To minimize the displayed upper bound, balance the two terms:
\begin{align*}
h^{2s}=\frac{1}{n h^d}.
\end{align*}
This is equivalent to $h^{2s+d}=n^{-1}$, so we choose
\begin{align*}
h_n=n^{-1/(2s+d)}.
\end{align*}
Substituting this value gives
\begin{align*}
h_n^{2s}=n^{-2s/(2s+d)}
\end{align*}
and
\begin{align*}
\frac{1}{n h_n^d}=n^{-1}n^{d/(2s+d)}=n^{-2s/(2s+d)}.
\end{align*}
Thus the estimator has risk at most a constant multiple of $n^{-2s/(2s+d)}$, uniformly over $f\in\mathcal F$. Taking the infimum over all estimators can only decrease the risk, hence
\begin{align*}
R_n(\mathcal F)\le C n^{-2s/(2s+d)}.
\end{align*}
[/guided]
[/step]
[step:Embed a localized Assouad hypercube inside the density class]
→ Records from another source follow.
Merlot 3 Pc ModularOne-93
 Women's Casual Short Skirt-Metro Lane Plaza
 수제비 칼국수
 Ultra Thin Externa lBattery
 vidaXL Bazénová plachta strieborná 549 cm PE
Choose once and for all a nonzero function
\begin{align*}
\psi:[0,1]^d\to\mathbb R
\end{align*}
in $C_c^\infty((0,1)^d)$ such that
\begin{align*}
\int_{[0,1]^d}\psi(x)\,d\mathcal L^d(x)=0.
\end{align*}
The bump $\psi$ is fixed as part of the proof, depending only on $d$ and the chosen Hölder norm convention, so all constants involving $\psi$ are absorbed into constants depending on $s,d,L,b,B,\rho$.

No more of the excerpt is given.